Installation view of Heman Chong’s “Never, A Dull Moment” at Art Sonje Center, Seoul, 2015. Photo by Sang-tae Kim.

Never, A Dull Moment

Heman Chong

Korea, South Singapore

In the age of Instagram, selfies and sharing online, there was not much to photograph in Heman Chong’s solo exhibition. “Never, A Dull Moment,” at Art Sonje Center in Seoul, was comprised of 14 works. Some of the more evident pieces visible from the front of the exhibition were: Welcome! (2015), a large, red banner hanging in a far corner, that faced away from the entrance; Boiling Point (2015), a pair of pots on hot plates with boiling water, which sat on a table in the middle of the gallery; and Until the End of the World (Paused) (2015), comprising a TV monitor with German auteur Wim Wender’s 1991 film Until the End of the World on pause, which leaned against a wall.

For those who were willing to take the time to understand why Art Sonje would dare show what appears to be much of “nothing,” Chong’s exhibition offered an illuminating treasure hunt. Exhibition pamphlets, stacked on the ground at the entrance of the show, held one of his works entitled Never, A Dull Moment (2015), which, according to the explanatory text, is “a short story that stands in as an exhibition text, printed on an advertisement banner, and lightbox, a poster, an invitation card, and circulated online via email, an e-flux announcement and a Facebook post.” The textual piece tells the tale of “a non-profit space caught in a mid-life crisis” and initiates the idea that an exhibition is a form of fiction and an exhibition space is a means to tell a story.
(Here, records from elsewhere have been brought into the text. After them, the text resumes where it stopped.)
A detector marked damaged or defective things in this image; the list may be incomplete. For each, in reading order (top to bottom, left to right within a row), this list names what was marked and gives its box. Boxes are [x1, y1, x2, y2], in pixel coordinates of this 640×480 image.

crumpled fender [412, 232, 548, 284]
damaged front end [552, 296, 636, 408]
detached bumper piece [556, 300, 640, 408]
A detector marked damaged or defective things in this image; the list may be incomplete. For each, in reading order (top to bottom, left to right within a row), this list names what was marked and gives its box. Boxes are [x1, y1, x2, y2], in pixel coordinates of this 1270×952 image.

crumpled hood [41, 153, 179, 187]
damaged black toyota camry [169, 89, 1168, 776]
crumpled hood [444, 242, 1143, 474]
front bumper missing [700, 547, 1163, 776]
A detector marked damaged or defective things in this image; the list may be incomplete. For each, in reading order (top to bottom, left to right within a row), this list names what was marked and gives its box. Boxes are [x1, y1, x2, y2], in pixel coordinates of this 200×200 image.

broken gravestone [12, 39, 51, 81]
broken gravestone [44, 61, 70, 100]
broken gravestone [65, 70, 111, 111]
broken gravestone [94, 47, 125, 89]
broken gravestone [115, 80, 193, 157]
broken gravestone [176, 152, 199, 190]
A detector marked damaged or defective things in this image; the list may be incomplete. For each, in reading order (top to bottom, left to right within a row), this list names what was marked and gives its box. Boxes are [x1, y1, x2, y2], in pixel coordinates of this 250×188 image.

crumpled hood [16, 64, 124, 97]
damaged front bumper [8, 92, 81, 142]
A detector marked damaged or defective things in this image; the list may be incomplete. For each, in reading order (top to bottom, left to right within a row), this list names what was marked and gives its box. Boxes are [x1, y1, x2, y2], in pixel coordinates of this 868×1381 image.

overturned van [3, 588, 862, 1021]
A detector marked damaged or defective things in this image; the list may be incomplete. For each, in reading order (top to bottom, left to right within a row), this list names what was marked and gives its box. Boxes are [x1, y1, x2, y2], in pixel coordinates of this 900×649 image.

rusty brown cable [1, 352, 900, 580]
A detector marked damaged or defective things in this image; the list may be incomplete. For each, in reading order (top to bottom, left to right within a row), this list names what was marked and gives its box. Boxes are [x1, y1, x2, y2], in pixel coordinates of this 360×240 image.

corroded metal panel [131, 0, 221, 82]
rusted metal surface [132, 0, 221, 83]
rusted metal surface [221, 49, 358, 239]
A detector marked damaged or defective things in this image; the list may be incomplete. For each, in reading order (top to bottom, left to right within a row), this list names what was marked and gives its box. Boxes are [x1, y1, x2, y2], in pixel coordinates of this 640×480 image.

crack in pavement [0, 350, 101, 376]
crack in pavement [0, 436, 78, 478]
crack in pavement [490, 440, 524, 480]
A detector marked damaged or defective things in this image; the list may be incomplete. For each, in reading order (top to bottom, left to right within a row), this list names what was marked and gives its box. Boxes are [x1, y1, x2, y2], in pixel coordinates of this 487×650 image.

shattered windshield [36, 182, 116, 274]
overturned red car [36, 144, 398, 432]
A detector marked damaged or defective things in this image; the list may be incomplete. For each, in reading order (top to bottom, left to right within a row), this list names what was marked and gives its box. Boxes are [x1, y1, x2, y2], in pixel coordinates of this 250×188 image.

The museum, then, became an anthology of short stories, and Chong’s exhibition a chapter within the history of Art Sonje’s existence.

HEMAN CHONG, Welcome!, 2015, digital print on cloth, 1.5 × 7.5 m. Photo by Sang-tae Kim.

HEMAN CHONG, Until the End of the World (Paused), 2008, performance, TV monitor, DVD. Photo by Sang-tae Kim.

Looking for Chong’s other works in the exhibition, many of which were hidden in plain sight, turned into a revelatory encounter. Two ashtrays filled with cigarette butts placed by a window were props for the durational performance Smoke Gets In (Your Eyes)(2015), intended for visitors audacious enough to light up in the museum. Leftover Triangle (with two shelves) from “A Room of His Own: Masculinities in Korea and the Middle East” is a temporary wall that was left over from the 2014 exhibition at Art Sonje referenced in the work’s title. Similarly, for the installation Within, You Remain (2015– ), Chong instructed Art Sonje to leave the debris from the exhibition held prior to “Never A Dull Moment,” as part of the latter’s display. Viewers, then, were (un)knowingly shuffling around the by-products of a work of art.

Installation view of Heman Chong’s “Never, A Dull Moment” at Art Sonje Center, Seoul, 2015. Photo by Sang-tae Kim.

Installation view of Heman Chong’s “Never, A Dull Moment” at Art Sonje Center, Seoul, 2015. Photo by Sang-tae Kim.

The show’s signature piece was The Art of Production (2015), which was inconspicuously placed on a small wall shelf. It is a copy ofArtforum’s October 2007 issue, hand-cropped by the artist at mid-length. Chong had kept an un-mangled version of the copy by his bed for the past eight years. At the press preview of the Art Sonje exhibition, he mentioned that this issue was one of his favorites from 2007, because it addressed the collective process of production in contemporary art. He also mentioned that the more he read through the issue, the more confused he got about why artists needed to make artworks.

HEMAN CHONG, Smoke Gets In (Your Eyes), 2015, cigarettes, two identical ashtrays, durational performance. Photo by Sang-tae Kim.

Ironically, it was perhaps this subversive nature of Chong’s works that coaxed viewers to put aside their cameras and directly engage with the pieces and the exhibition as a whole. And even if there were little provided to see, the show offered a lot to think about. In Past, Lives (2015), a stack of posters for visitors to take away, the titles of the 89 exhibitions previously shown at Art Sonje were recomposed into a new text—the entirety of the Center’s existence reduced to an abstract index of past events. In an age where technology has made viewing art online more immediate, the digitization of information is devaluing the museum’s role as a repository of knowledge, art institutions are in fierce competition with other forms of media as destinations of enlightened entertainment, and social media has taken on the role of cultural arbiters, Chong’s exhibition was a concerned yet tender statement about the ongoing role of the exhibition and art institution.  

Heman Chong’s “Never, A Dull Moment” was held at Art Sonje Center, Seoul, from February 7th to March 29th, 2015.